## TASK DIRECTIONS
Below are records to be repeated exactly. Leave their pictures behind.
BEGIN MATERIAL TO PROCESS
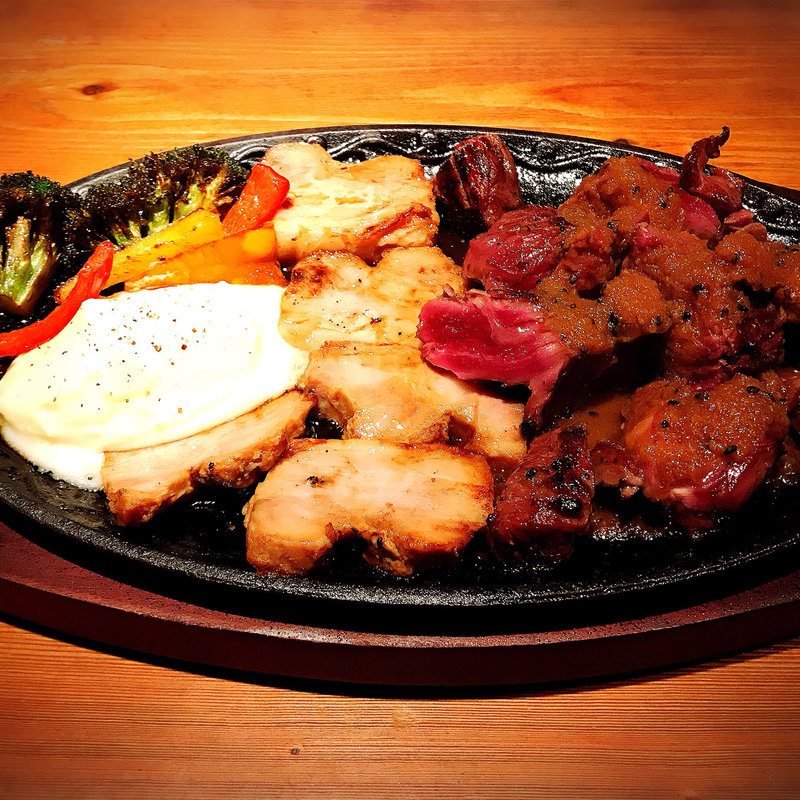 特製サイコロステーキ200g(M.E.S. Cafe & Bar)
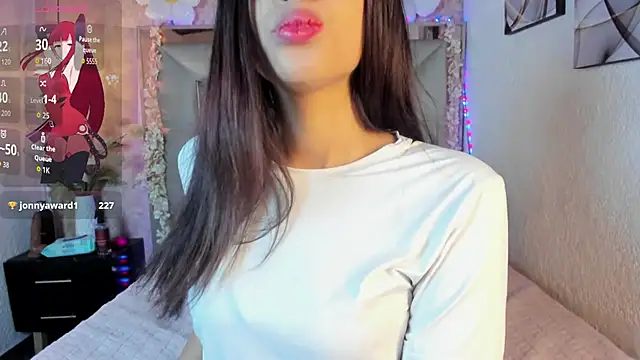 Estrellaa 1 online show from March 9, 2026, 1:47 pm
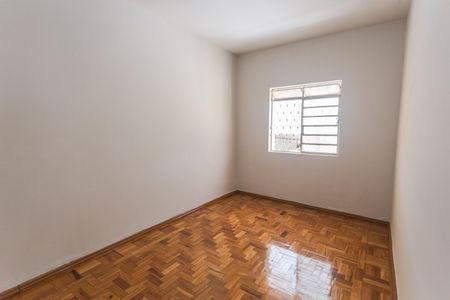 Casa à venda com 400m², 3 quartos e 2 vagas Casa à venda com 400m², 3 quartos e 2 vagasQuarto 2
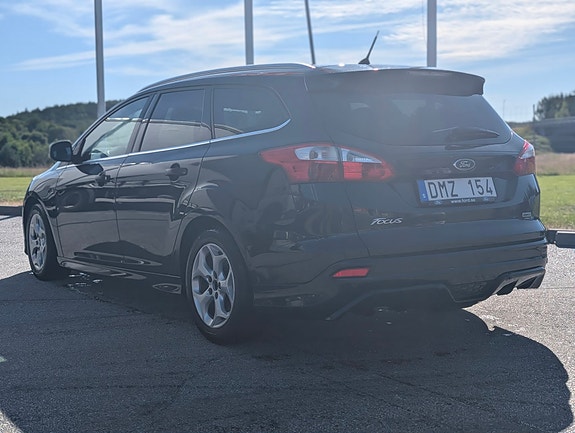 Ford Focus 2 of 3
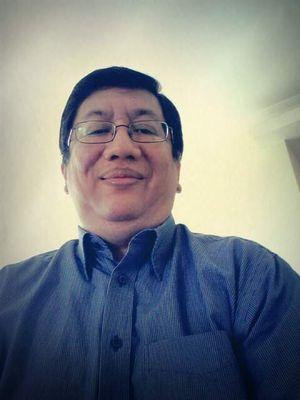 Journalist cum lecturer cum entrepreneur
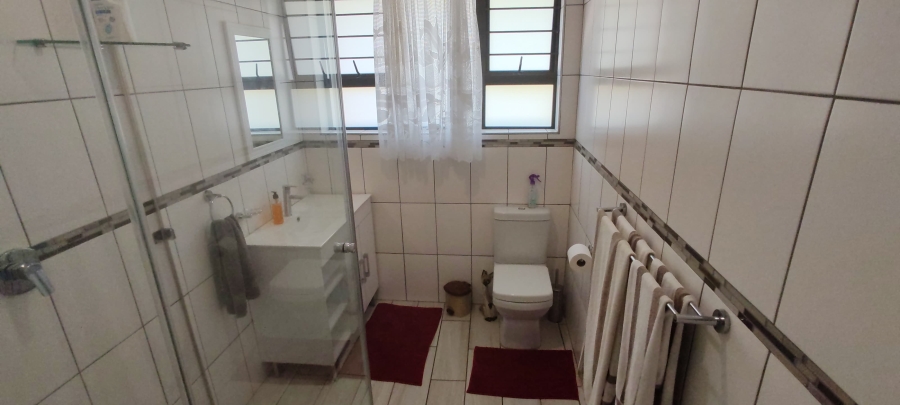 5 Bedroom Property for Sale in Manaba Beach KwaZulu-Natal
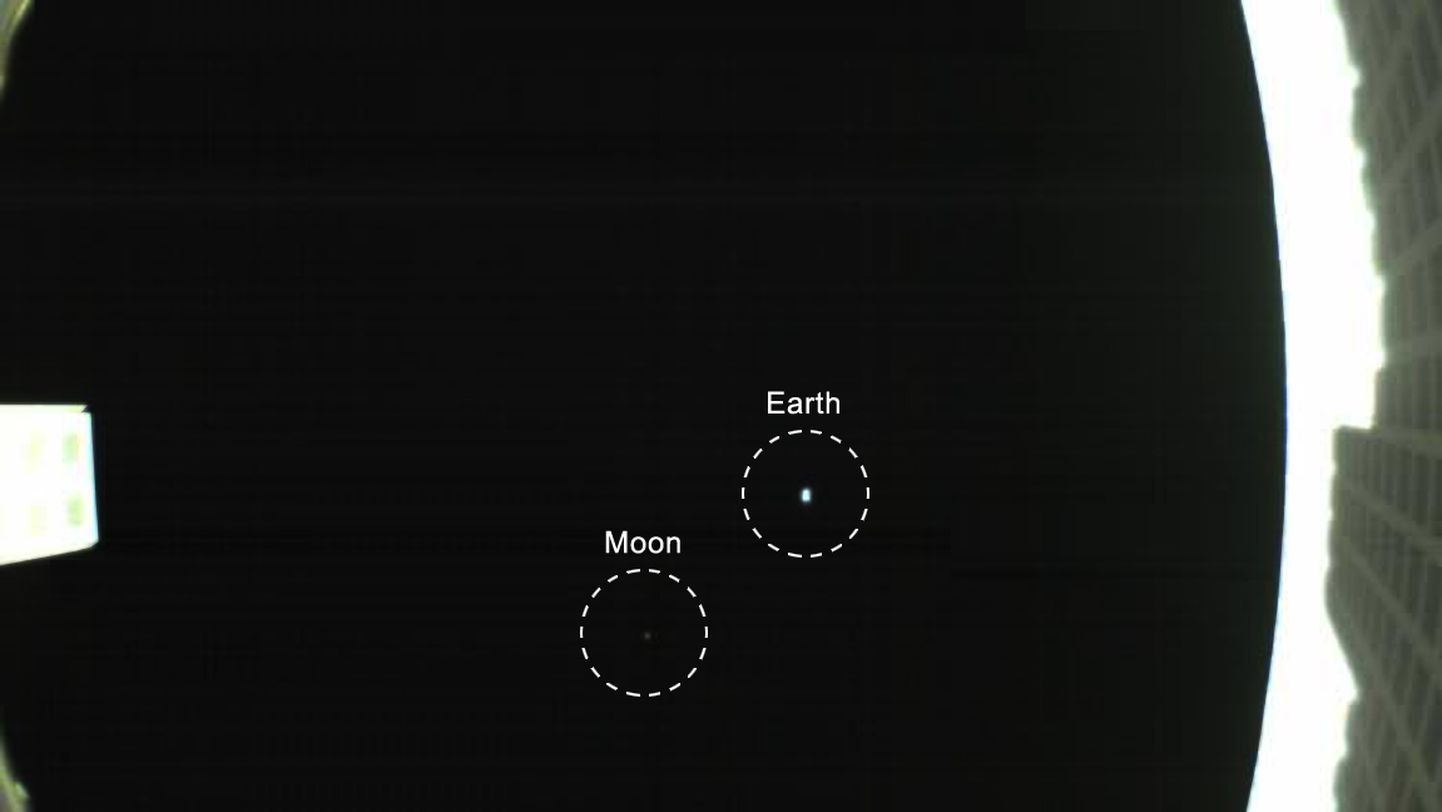 Maa ja Kuu 1 miljardi kilomeetri kauguselt.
END MATERIAL TO PROCESS
## REPLY
 特製サイコロステーキ200g(M.E.S. Cafe & Bar)
 Estrellaa 1 online show from March 9, 2026, 1:47 pm
 Casa à venda com 400m², 3 quartos e 2 vagas Casa à venda com 400m², 3 quartos e 2 vagasQuarto 2
 Ford Focus 2 of 3
 Journalist cum lecturer cum entrepreneur
 5 Bedroom Property for Sale in Manaba Beach KwaZulu-Natal
 Maa ja Kuu 1 miljardi kilomeetri kauguselt.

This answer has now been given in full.